# TASK DESCRIPTION
Once you have found the line with "WMS-04 Speaker Wallbrack.3 way 50kg" in the records below, retype it and every line after it to the end exactly, with no pictures and nothing more.

# DATA EXTRACT

···

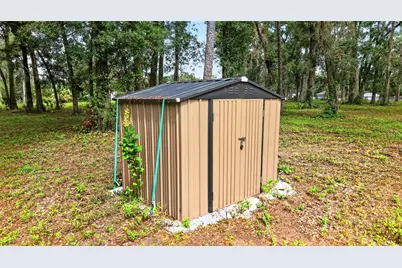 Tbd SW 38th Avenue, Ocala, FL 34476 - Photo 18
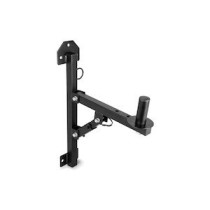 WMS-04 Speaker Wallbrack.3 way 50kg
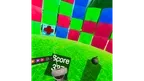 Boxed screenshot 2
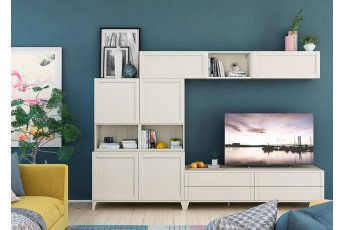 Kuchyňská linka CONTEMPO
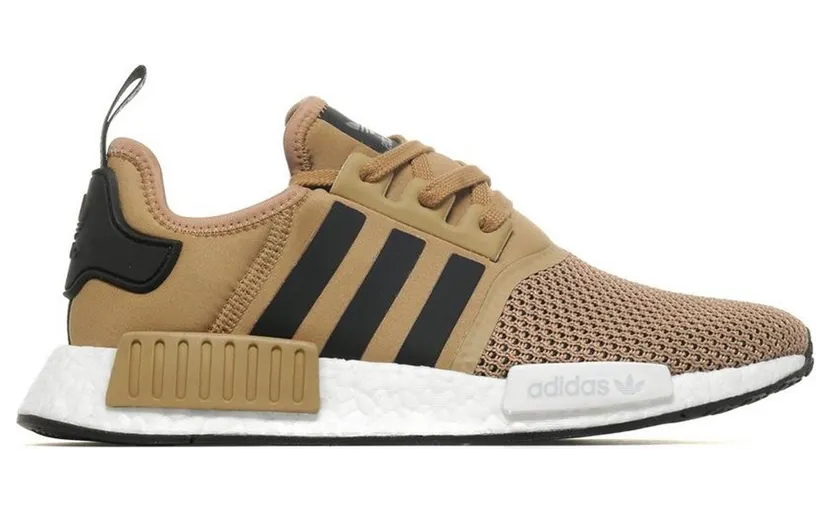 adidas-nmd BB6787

···

# SOLUTION TO THIS TASK
 WMS-04 Speaker Wallbrack.3 way 50kg
 Boxed screenshot 2
 Kuchyňská linka CONTEMPO
 adidas-nmd BB6787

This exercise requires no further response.